Rosie still found it difficult to equate the motivated and single-minded mother she knew with the dewy-eyed college senior who’d thrown in her lot to support the brash and ambitious son of a longtime Maple Hill family.
Hal Erickson had built a large, successful construction company in Boston. When his father passed away, he sold his business and took over the helm of his father’s Berkshire Construction in Maple Hill. He’d maintained the company’s reputation for quality work, got involved in bringing business to the community. He’d been serving his second term on the town’s Industrial Growth Committee, and Rosie had been in the middle of her first term, when Jay had the accident.
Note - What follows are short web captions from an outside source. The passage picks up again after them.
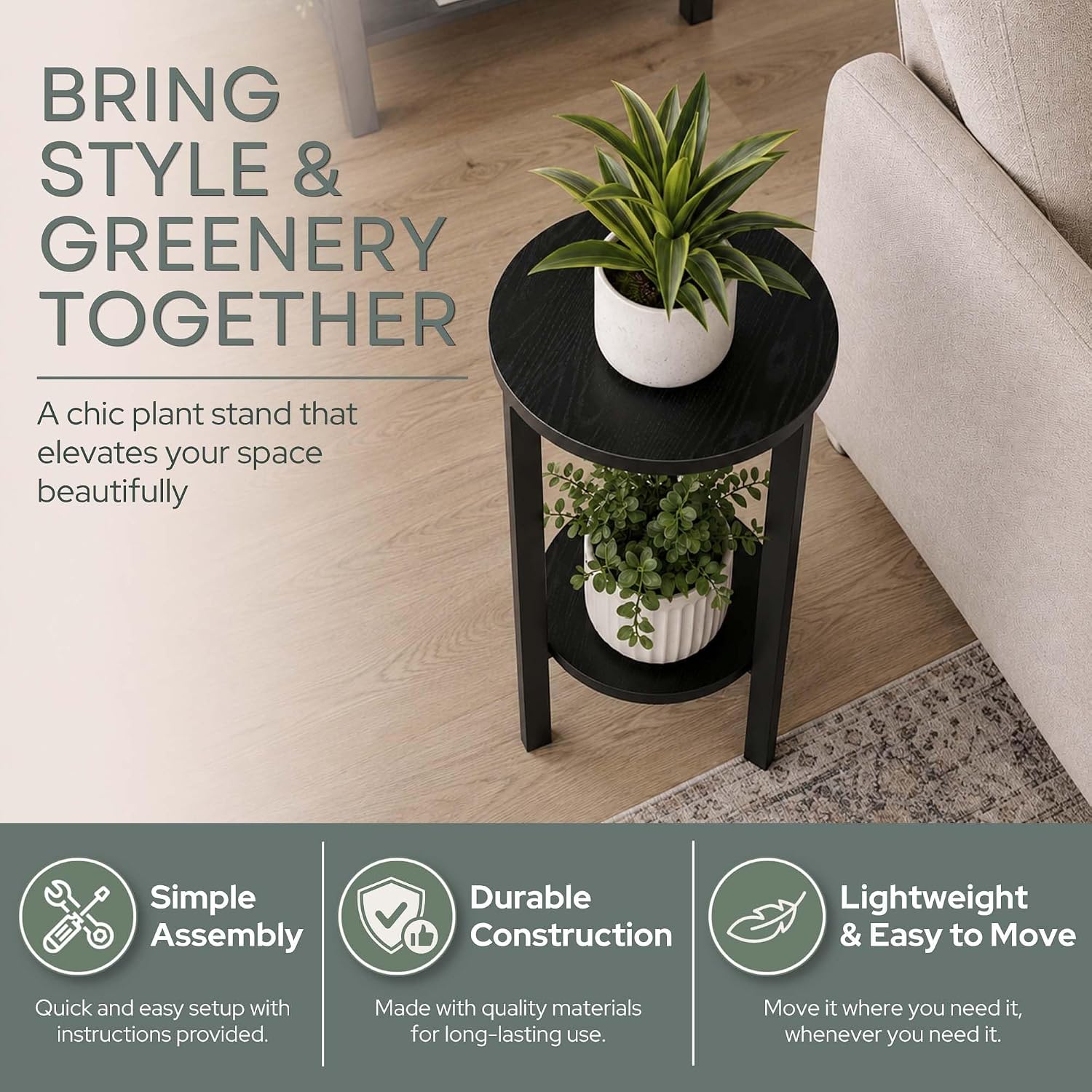 Convenience Concepts Graystone 24 inch 2 Tier Plant Stand - Industrial Stand for Plants, Vases, and Antiques, Urban Modern Design for The Living Room
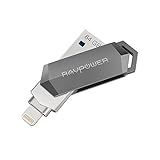 iPhone iPad 64GB USB Flash Drive 3.0 with Rotatable Protection, RAVPower Pen Thumb Jump Drive with Extended MFi Lightning Connector for iOS Mac Windows PC, External Storage Memory Expansion Stick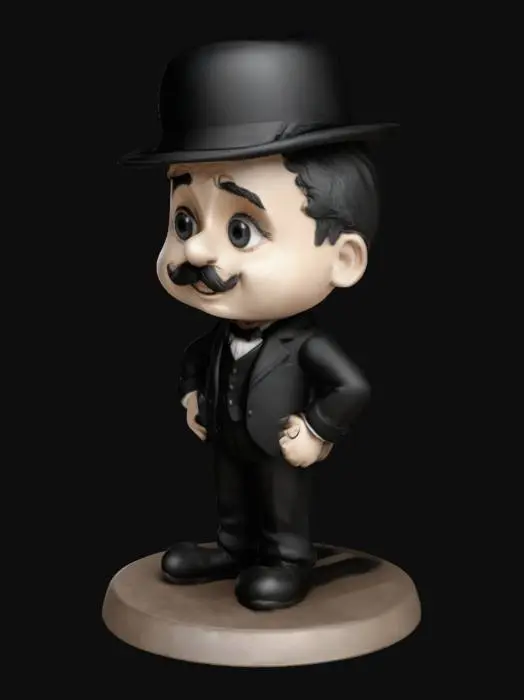 3D model for Charlie Chaplin, famous British actor, dressed in a black suit and black pants. Chibi Art Style. Standing on a round base. Highly stylized. Make sure all walls and elements are at least 2 mm thick. Include bold, recessed elements that are at least 2mm deep. Maintain crisp, crisp lines. Features raised to rise at least 2mm above the surface. Details engraved in recesses at least 2mm deep for clarity. DND.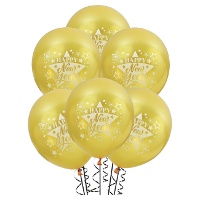 Globos de látex de Happy New Year dorados - 10 unidades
The projects under way at the time were stalled by his death, and Tolliver Textiles had backed out of the deal. The committee had been dormant until its resurrection at the fall festival dinner. She was convinced that if she was staying here, she had to take a hand in strengthening business.
But someone wasn’t happy about the plan, according to a message left on her answering machine several days ago. She hadn’t recognized the voice and caller ID had been blocked, so she’d just erased the vaguely threatening request that she let the textile plant remain in Boston.
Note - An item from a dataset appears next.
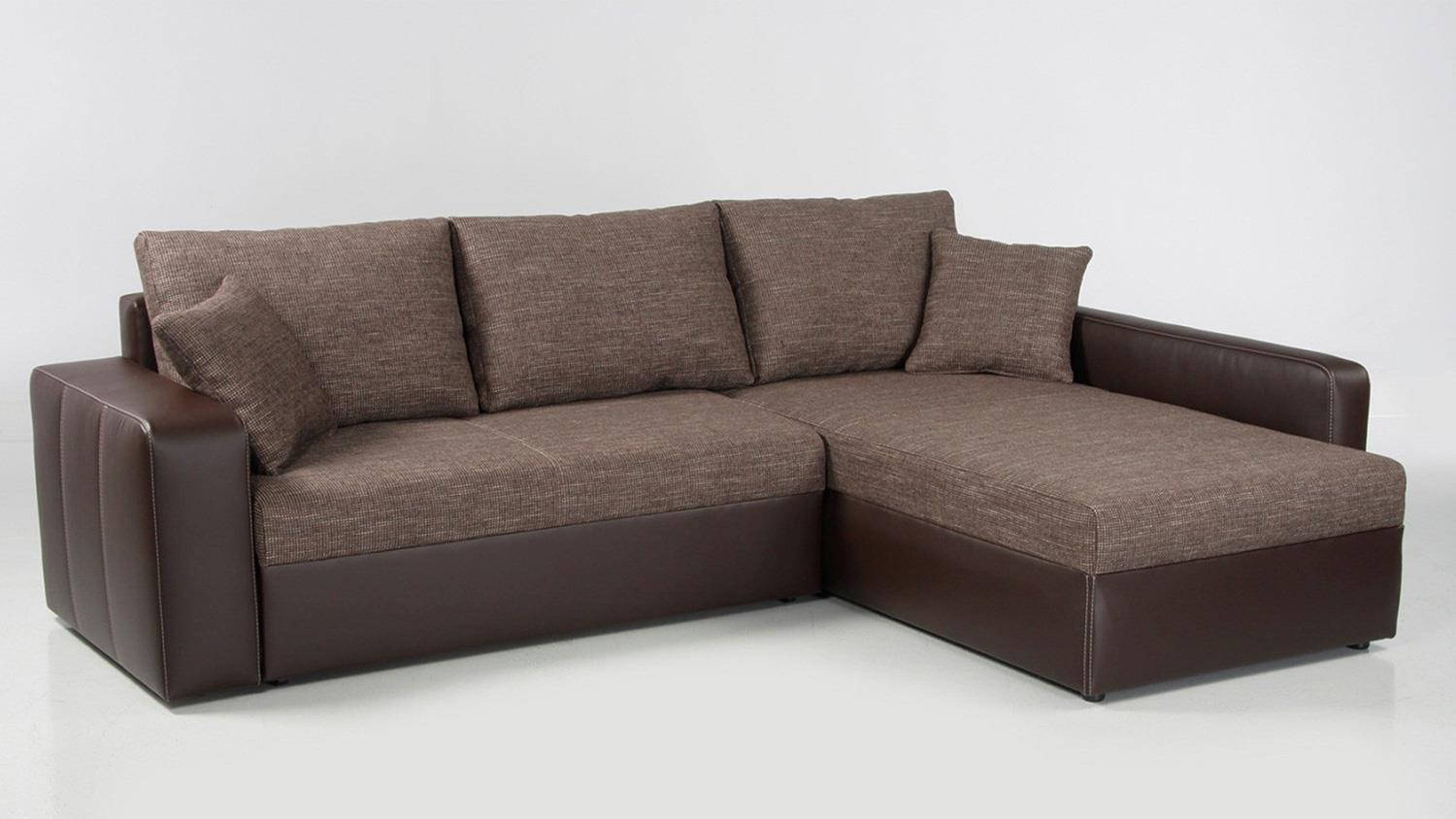 Ecksofa VIPER Sofa in braun mit Bettfunktion und Kissen Bild 1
It was impossible to please everyone, but she thought once she had Tolliver Textiles firmly interested in moving to Maple Hill, she’d ask Haley Megrath of the Maple Hill Mirror to report on the process of making the project happen from the Environmental Impact Statement on the parcel of land in question, to the construction of the building so that fears were allayed.
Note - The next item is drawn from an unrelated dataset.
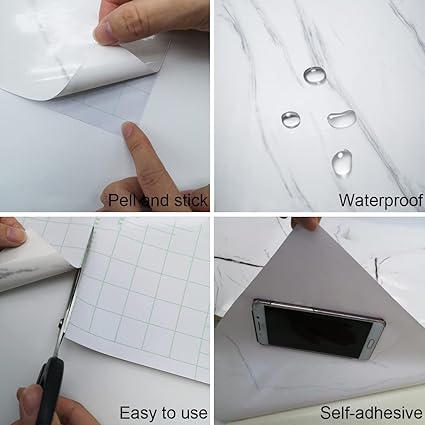 Glossy White Marble Wallpaper Stickers - Macmlone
Frankly, she was grateful for the challenging project, even though real work wouldn’t begin until the new year.
She didn’t know how long it took other people to recover from loss, but she suspected she wasn’t even halfway there. She kept going because she didn’t know what else to do. And she had the feeling that if she stopped or gave up, her mother and sister might flounder with her.
And then there was her nephew, Chase; all he really had was the three of them. She had to keep going.
Rosie went back to the gift cataloging she’d been doing before her mother had modeled the pink suit. A corner of the large living room had been turned into a receiving area and temporary storage. Francie and Derek Page, her fiancé, had opened gifts as they’d arrived, and left the cards in the item or attached to it as Rosie had advised. Now she was being a helpful big sister and making Francie a list for thank-you notes.
“You’re sure your services don’t include writing the notes?” Francie had said, looking forlornly at the sea of gifts.
Rosie had shaken her head. “Hey, you’re the blushing bride. That’s your job.”
“I’ll pay you.”
“There’s not enough money in the world.” When she’d married Matt six years ago, their treasure trove of gifts had looked a lot like this. And she’d written thank-yous in her spare time from Thanksgiving to Christmas.
Matt. She didn’t want to think about him, though when he arrived, she’d be forced to. Until then she was going to pretend, just as she’d been pretending for the past year, that he’d never come into her life.
“Aunt Rosie!” Chase raced in, arms wide like the wings of an airplane. “Look! I’m a navy Tomcat!”
“Really.” She glanced up from her notes. “You look just like my nephew.”
“Is he fast and maneuverable?”
She smiled at his vocabulary. Obviously he was smart, just like his father. “Yes, I believe he is,” she replied. “But no one else in our family is an airplane.”
“You’re forgetting Uncle Matt,” he said, circling her again, apparently in a holding pattern.
“Uncle Matt’s an airplane?”
“He says he’s a cargo bus,” Chase said between bursts of jet-engine noises. “’Cause he carries around a lot of stuff inside.”
She stared at Chase in surprise as he landed and taxied toward her. She guessed Matt hadn’t been talking about freight. “When did he say that?”
“Just now. He’s parking the car. He said to tell you he was here in case you wanted to hide or something.” Chase frowned. “Does he mean like hide-and-seek?”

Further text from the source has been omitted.